Harry Potter and Deathly Hallows: Was It Necessary to Split into Two Movies?

David Yates is the director of "Harry Potter and the Deathly Hallows: Part 1," starring Daniel Radcliffe, Emma Watson, and Rupert Grint. The film, which is the second to last in the Harry Potter series, is being released by Warner Bros. on November 19.

For more than a decade, David Heyman has been immersed in the world of Harry Potter, as the producer of all the films based on the best-selling books by J.K. Rowling, who also served as a producer on the film adaptation of her seventh and final title, "Harry Potter and the Deathly Hallows."

But as Heyman approached the last installment in the record-breaking film franchise, he realized that it presented some unique challenges, not the least of which was how to encompass all of the series' interwoven story threads as they sped toward the climactic conclusion. 

Splitting the films

Breaking from the tradition of the film series, the decision was made to split "Harry Potter and the Deathly Hallows" into two full-length parts. "When Steve Kloves began working on the screenplay, it became clear we would have to omit too much to do justice to Jo's book in one film," Heyman explains. "There were simply too many details that were integral to the resolution of the series."

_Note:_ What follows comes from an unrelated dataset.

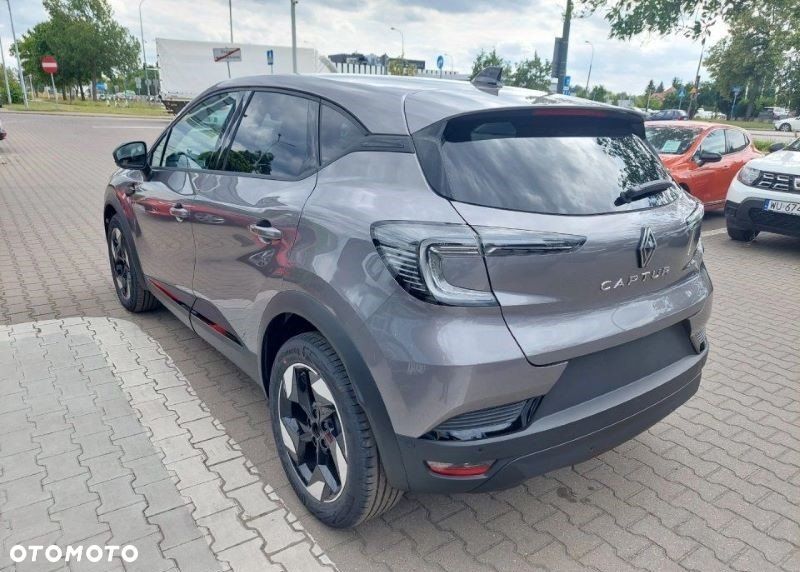 Renault Captur - 2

Producer David Barron adds, "With the previous books, the decision was always to follow Harry's journey, so it was possible to pinpoint specific scenes that, while immensely enjoyable to read, didn't necessarily advance his story. However, the seventh book is all about resolution–the dotting of all the i's and the crossing of all the t's."

An intricate plot

Daniel Radcliffe, who plays the title role of Harry Potter, offers, "The intricacy of the plot Jo had mapped out from the beginning is a fantastic feat of storytelling. It has twists and turns, mystery and romance, comedy and action…all the brilliant things people have responded to over the years. It was the only way we could tell the story in a complete and fulfilling way."

Breaking tradition

Helming his third Harry Potter feature, David Yates says that Part 1 of "Harry Potter and the Deathly Hallows" also breaks tradition by taking the central characters away from the familiar surroundings of Hogwarts. It is actually the first film in the franchise in which the iconic School of Witchcraft and Wizardry is never even seen. "I think that's one of the most intriguing things about Part 1," the director states. "We're away from the magical environment of Hogwarts, which felt very safe even when the characters were in utter jeopardy. Suddenly Harry, Ron and Hermione are trying to survive out in the big, bad world, and it's a dangerous place. They feel isolated and alone and very vulnerable. It makes the adventure much edgier and more grownup, which really appealed to me, and to Dan, Rupert and Emma as well."